__Dataset records__:

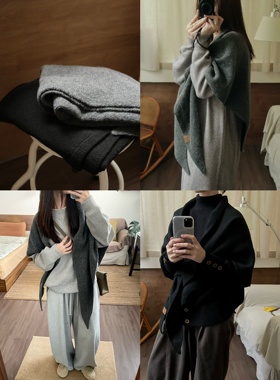 Risen Lab随身暖炉！三角形羊毛围巾女秋冬保暖围脖披肩可两用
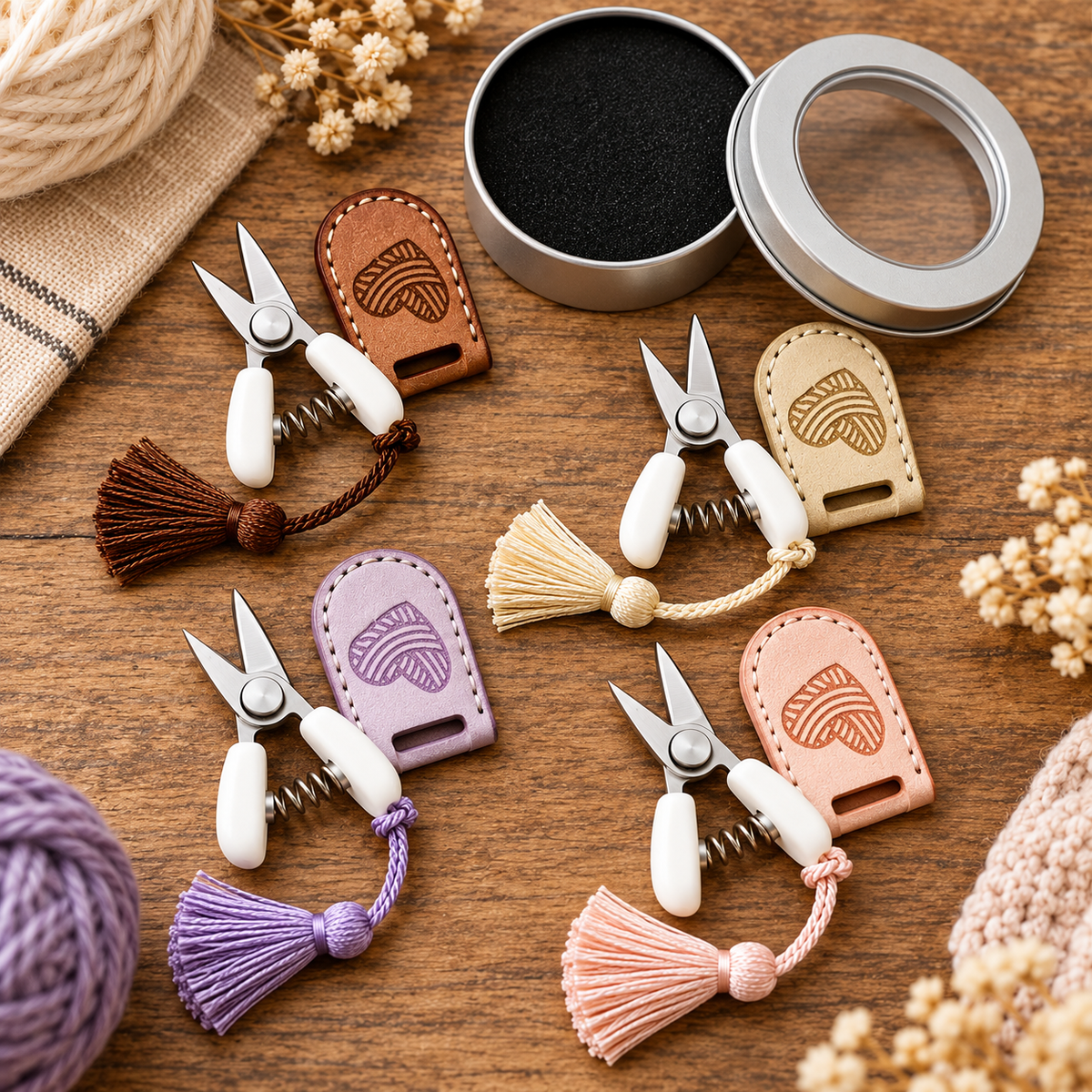 Stitch & Snip™ Vintage Mini Craft Scissors with Protective Cover & Storage Tin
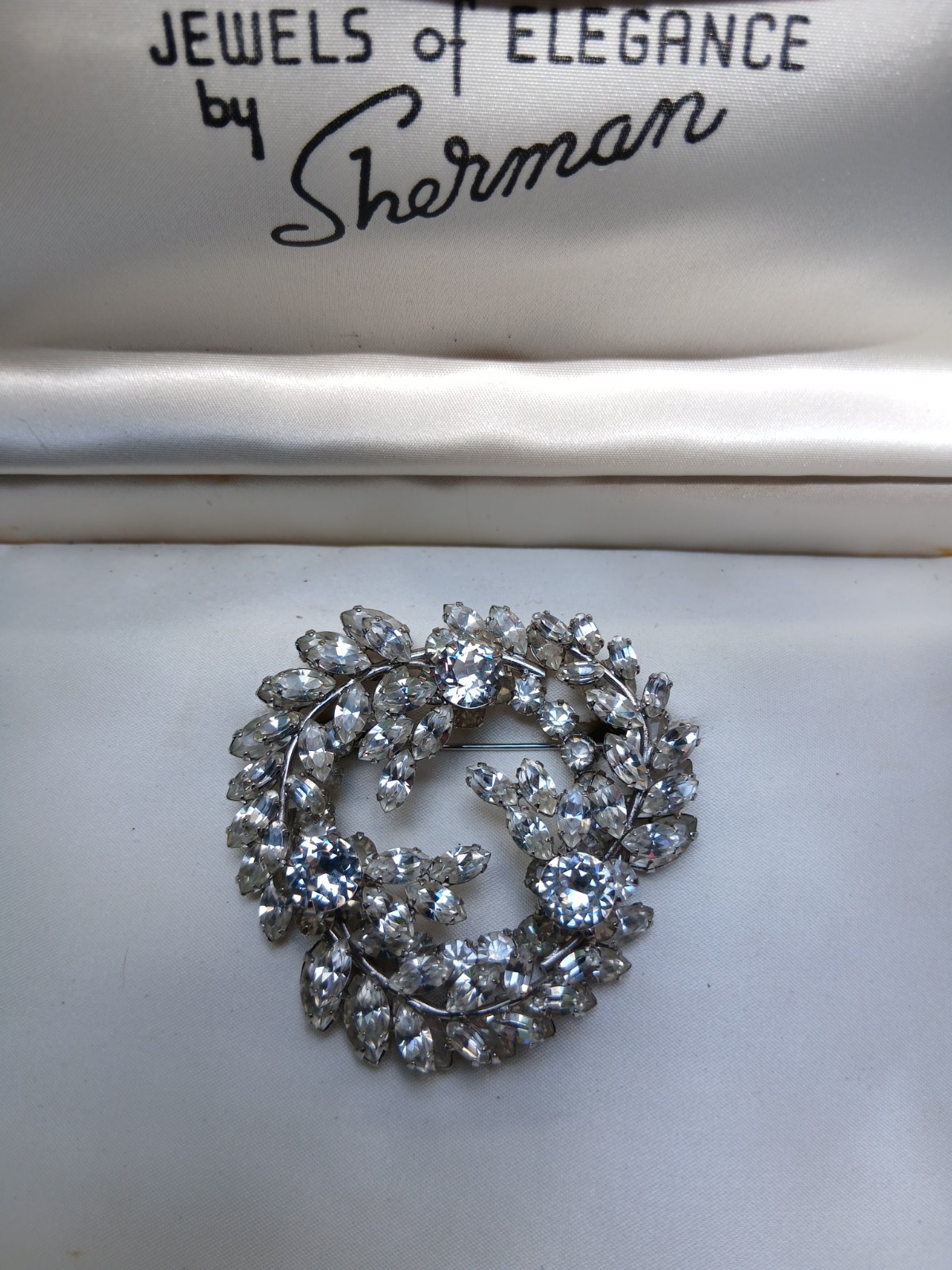 Vintage Sherman Signed Clear Rhinestone Round Brooch
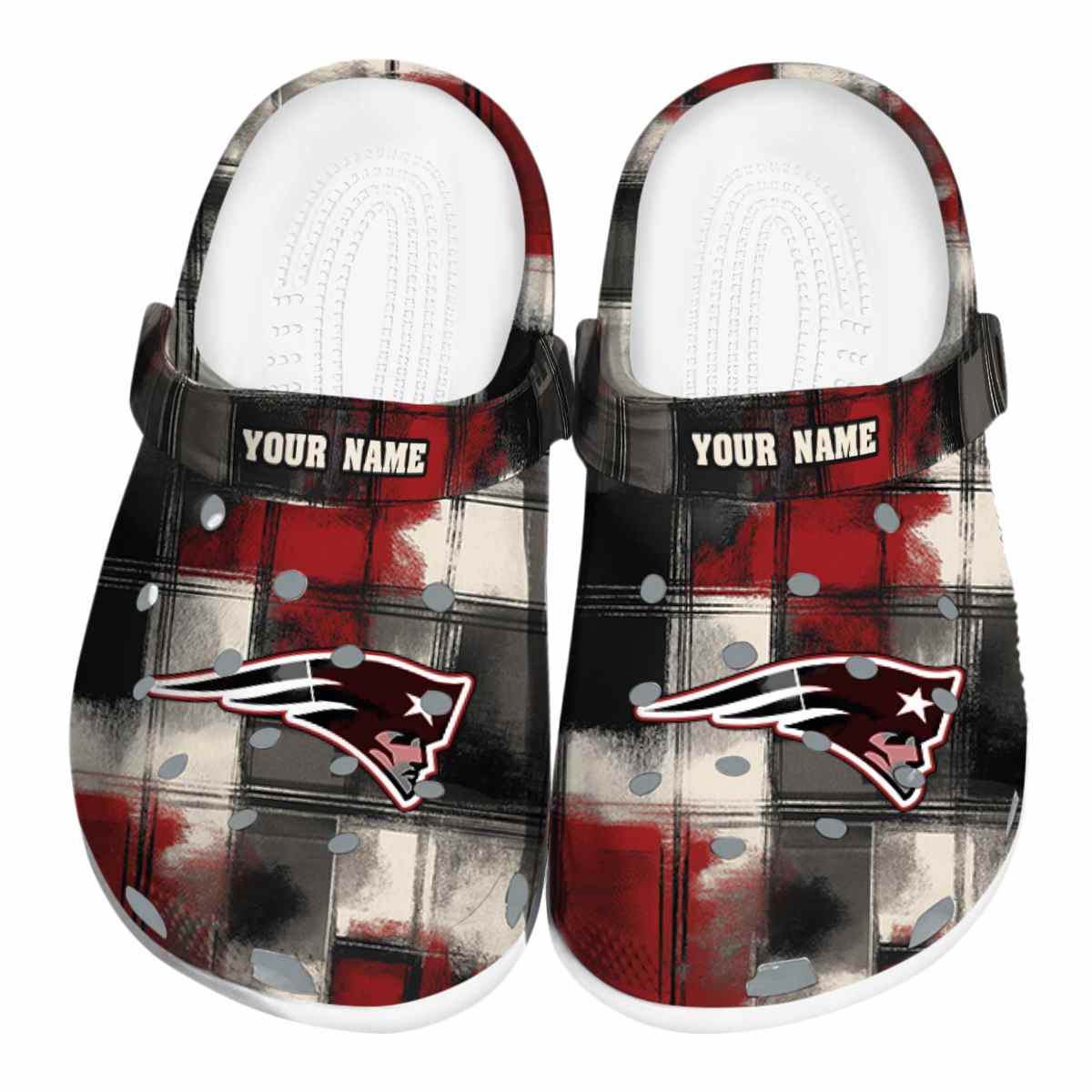New York Giants Plaid Fusion 2025 Crocs, New York Giants Crocs Clogs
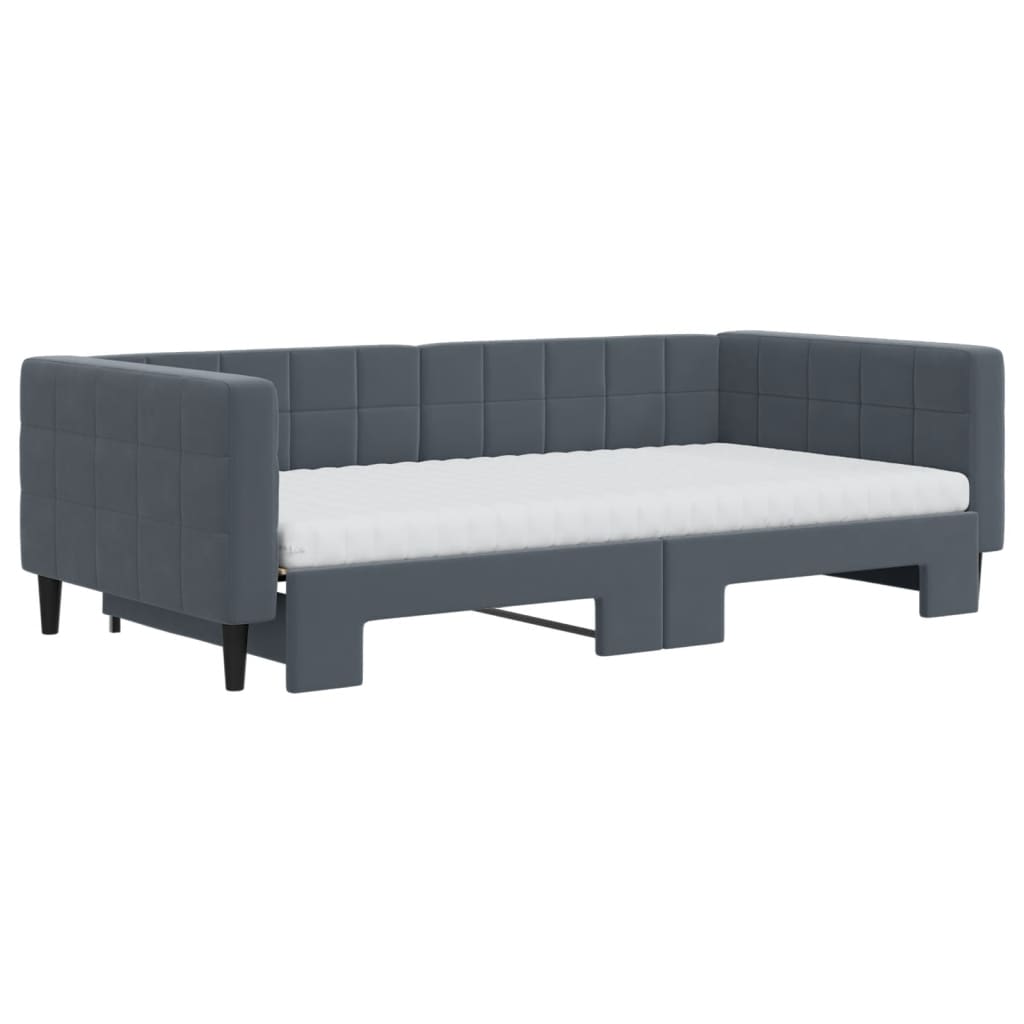 Slaapbank onderschuifbed matrassen 100x200cm fluweeldonkergrijs is nu te koop bij PeponiXL, paradijselijk wonen!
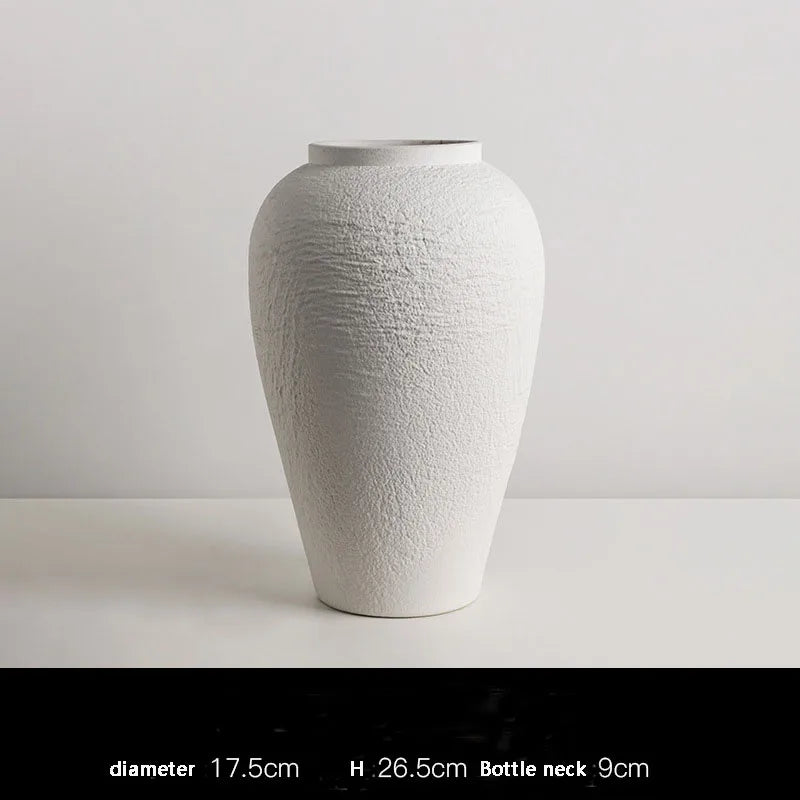 Vaso Wabi Sabi Cerâmica Minimalista — Flores Secas Estilo Mármore e Travertino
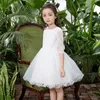 Neue Blumenmädchenkleider Weiß Erstkommunion Kleid Lange Ärmel Kinder Hochzeit Kleid Kinder Prinzessin Abschlusskleid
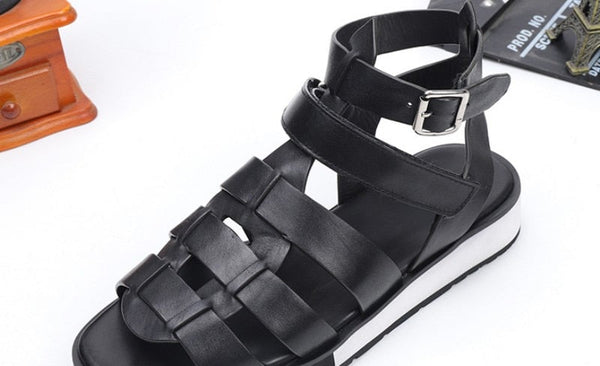 Men's Classic 100% Real Leather Breathable Open Toe Platform Beach Sandals - SolaceConnect.com
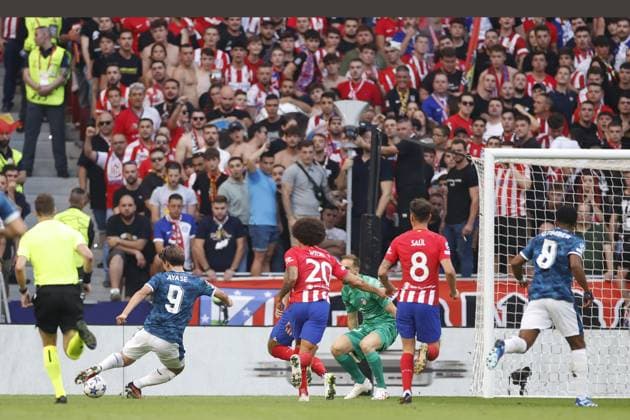 MADRID, 04-10-2023 Stadium Wanda Metropolitano, Champions League Football season 2023 2024 Match between Atletico Madrid and Feyenoord. Ayase Ueda scores 0-1 Atletico Madrid - Feyenoord  x22623923x Copyright:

__Task description__:
Could you output exactly the lines above, from the line with "Stitch & Snip™" up to and including the line with "Slaapbank onderschuifbed matrassen", and nothing else, skipping the pictures?

__Exercise solution__:
 Stitch & Snip™ Vintage Mini Craft Scissors with Protective Cover & Storage Tin
 Vintage Sherman Signed Clear Rhinestone Round Brooch
New York Giants Plaid Fusion 2025 Crocs, New York Giants Crocs Clogs
 Slaapbank onderschuifbed matrassen 100x200cm fluweeldonkergrijs is nu te koop bij PeponiXL, paradijselijk wonen!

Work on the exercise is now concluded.